Öger: Nein, es ist eher ein Unterschichtenproblem. Zu uns sind Menschen teilweise aus den hintersten Dörfern Anatoliens gekommen, Bauern und ungelernte Arbeiter. Es war nicht der türkische Mittelstand, der ausgewandert ist. Man brauchte nur die Arbeitskraft.

sueddeutsche.de: Sie selbst waren Mitglied der Zuwanderungskommission der Bundesregierung. Warum blieb die Arbeit des Gremiums ohne Erfolg?

Öger: Wir waren mehr als 20 gestandene Männer und Frauen, die eineinhalb Jahre lang diskutiert haben.

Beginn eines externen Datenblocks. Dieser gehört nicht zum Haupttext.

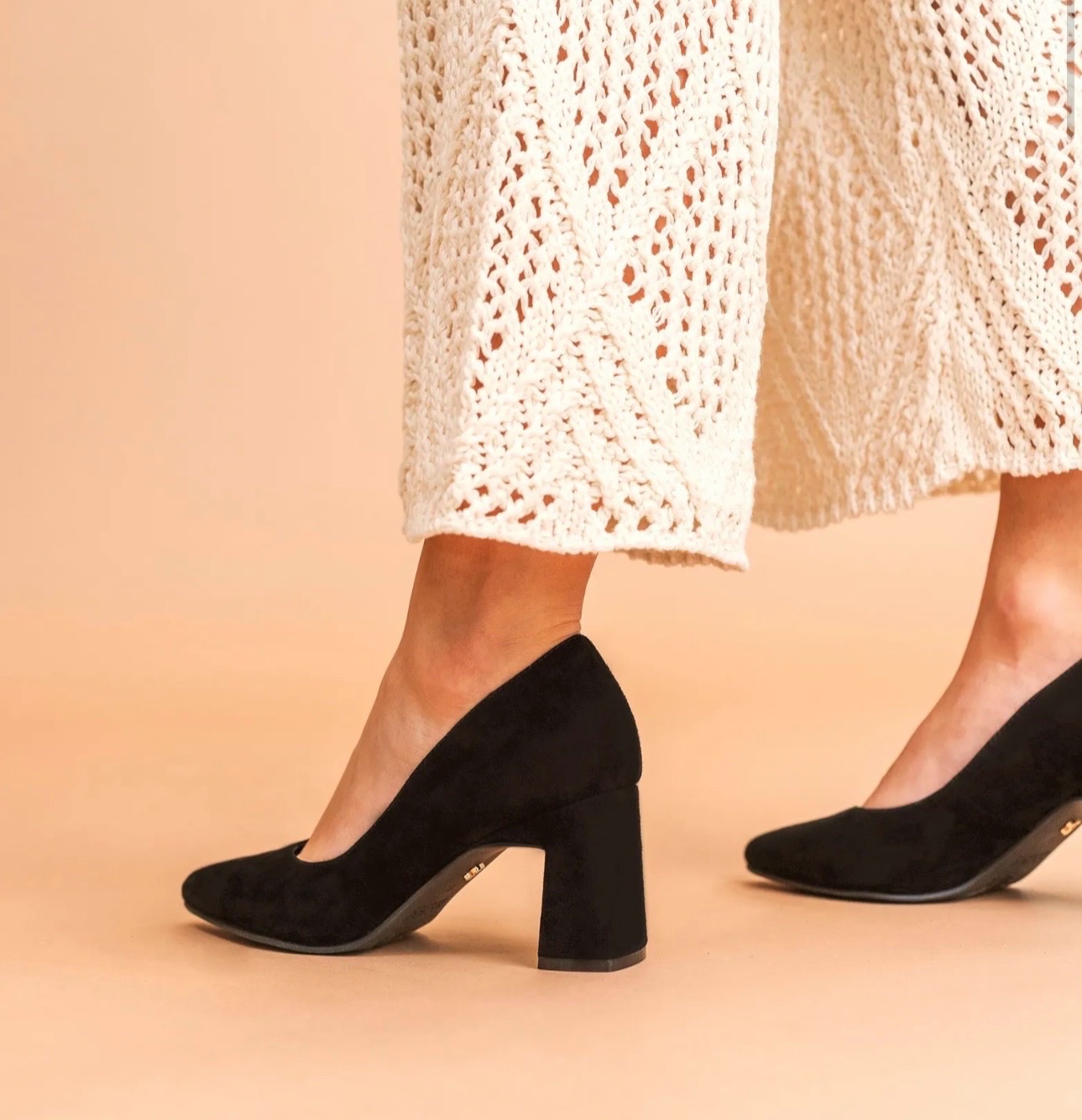 Escarpin daim pointure 40 ylabes 39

Wir hatten damals einen tollen Entwurf, aber der wurde von der Politik verwässert. Gerade die C-Parteien aus dem Süden waren in jedem Punkt dagegen. Das heißt: Man will die Fakten nicht akzeptieren. Man neigt eher zum Populismus. Man glaubt damit, vom rechten Lager noch mehr Stimmen zu gewinnen. Das ganze Thema wird politisiert.

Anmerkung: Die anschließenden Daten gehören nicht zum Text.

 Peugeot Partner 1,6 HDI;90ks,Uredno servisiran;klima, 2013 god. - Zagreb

sueddeutsche.de: Ihr Wunsch?

Öger: Die ganze Problematik - Ausländer, Migration, Integration - müsste überparteilich behandelt werden. Wir haben Fakten - und wir haben Politiker, die diese Fakten einfach nicht akzeptieren wollen. Ich würde Herrn Seehofer gerne fragen, wie seine Lösung aussieht. Ein Großteil dieser Menschen hat die deutsche Staatsbürgerschaft. Die aktuelle Debatte ist integrationsfeindlich.

sueddeutsche.de: Hessens ehemaliger Ministerpräsident Roland Koch und auch der Chef der Bundesagentur für Arbeit, Frank-Jürgen Weise, haben sich für eine gesteuerte Zuwanderung ausgesprochen. Wie müsste die Ihrer Meinung nach aussehen?

Öger: Derzeit verlassen mehr Türken die Bundesrepublik als zu uns kommen. Zu uns kommen zwecks der Familienzusammenführung nur noch rund 5000 bis 7000 Bräute aus den Dörfern. Zurzeit haben wir also ein Minus-Saldo. Es reist ja kaum einer zwecks Arbeitsaufnahme ein, darum verstehe ich die Debatte nicht. Das Hauptproblem ist nicht die Migration alleine, sondern eher die Integration der hier geborenen Kinder. Das ist unsere Hauptaufgabe.

sueddeutsche.de: Was kann die deutsche Wirtschaft von den aus dem Ausland stammenden und erfolgreich integrierten Mitarbeitern lernen?

Öger: Die Antwort können die Amerikaner den Deutschen geben: 20 Prozent des Bruttosozialprodukts in den vergangenen zehn Jahren in den USA entstanden durch die Zugewanderten. Ein Migrant hat drei Arbeitsplätze geschaffen. Das sind amtliche Zahlen. Hierzulande ist es so: Diejenigen, die unserer Wirtschaft nützlich waren, verlassen Deutschland wieder aufgrund der gesamten Atmosphäre, die in den letzten Jahren entstanden ist. Und die anderen, die von den Sozialkassen leben, bleiben bei uns, weil sie es in der Türkei nicht besser hätten. Was wir brauchen, ist eine groß angelegte und von der Politik und den Medien getragene Bildungsoffensive. Die Eingliederung der Menschen ausländischer Herkunft in Deutschland erfolgt über Bildung und den Arbeitsprozess.